The dissemination of the Bible did more than impact faith; literature in English reached deeply into biblical sources for creative energy and common reference. As a consequence, over centuries literature existed at two levels: the events and figures recorded in the works, and points of biblical reference commonly understood by readers. There was a shared context that, at a minimum, gave readers a field of common understanding. It is of course possible to read Shakespeare, Marlowe, Herman Melville, Nathaniel Hawthorne, T.S. Eliot (and a myriad of other English and American writers) and enjoy, at some level, intriguing stories. However, without at least a rudimentary knowledge of the biblical references the work is diminished. The reader is disconnected from the full meaning and is able to engage only at a relatively superficial level. An analogy with the visual arts is appropriate. How would an art historian understand the tradition of Western art without some knowledge of its critical sources? Without that awareness, we have a bunch of pretty and horrible pictures.
Illustration: Early printing press, 1568 (public domain)
If we want students to understand the literature and art of our past, they must be taught something of the Bible. This is simply obvious. In contemporary higher education we have moved away from this responsibility. Of course, we may decide that the teaching of the Bible as a text of faith needs to be compromised by the imperatives of diversity. Outside of theological studies, the Bible as a Judeo-Christian sacred text will probably not be a core element in a secular curriculum. However, if we want students to understand their own identities and to read the literature that shaped the conscious of the English-speaking world we have an obvious obligation to teach something of the Bible. Otherwise, we propagate ignorance and superficiality.
The Bible is not only a critical source for literature and art. It is also at the heart of global conflicts that have shaped the world for centuries.

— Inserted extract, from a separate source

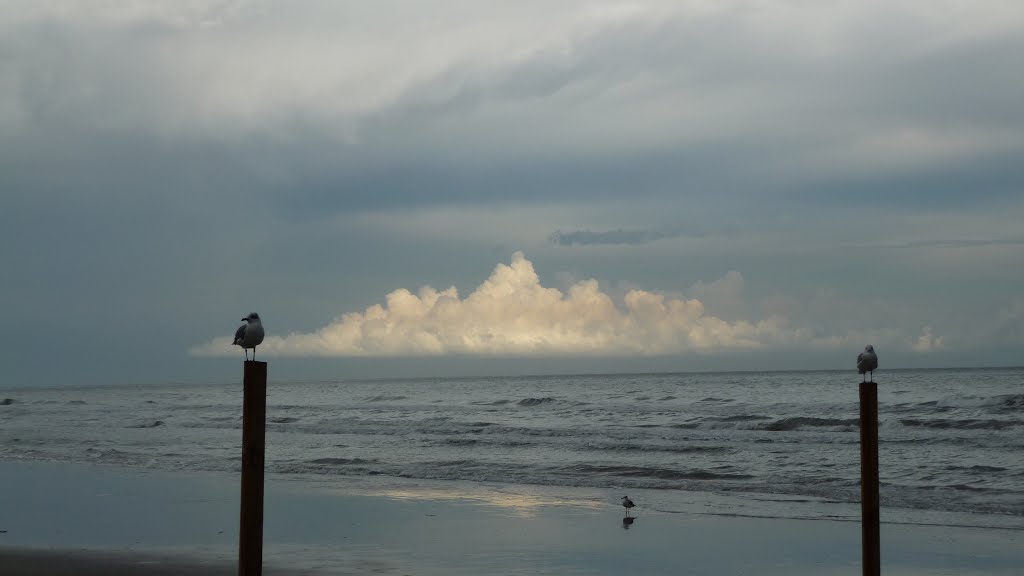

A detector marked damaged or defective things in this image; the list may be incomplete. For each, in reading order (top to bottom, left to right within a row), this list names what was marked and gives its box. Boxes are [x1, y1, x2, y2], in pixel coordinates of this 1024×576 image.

rusty metal post [237, 358, 266, 573]
rusty metal post [856, 381, 880, 573]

It was interpreted to encourage historical aggressions such as the Crusades; it was used to justify slavery and, paradoxically, the struggle against slavery. There are any number of spirituals that draw upon biblical sources to establish parallels between the plight of African-Americans and that of the Jews, for one of many possible examples: “Go down Moses, / Way down in Egypt land / Tell ol' Pharah / To let my people go.” It was used to justify imperialism and inspired ant-imperialism. Jomo Kenyatta, with wit and wisdom, described the role of the Bible in the colonisation of Kenya: “When the missionaries arrived, the Africans had the land and the missionaries had the Bible. They taught us how to pray with our eyes closed. When we opened them, they had the land and we had the Bible.” In short, it offers important perspectives upon our histories.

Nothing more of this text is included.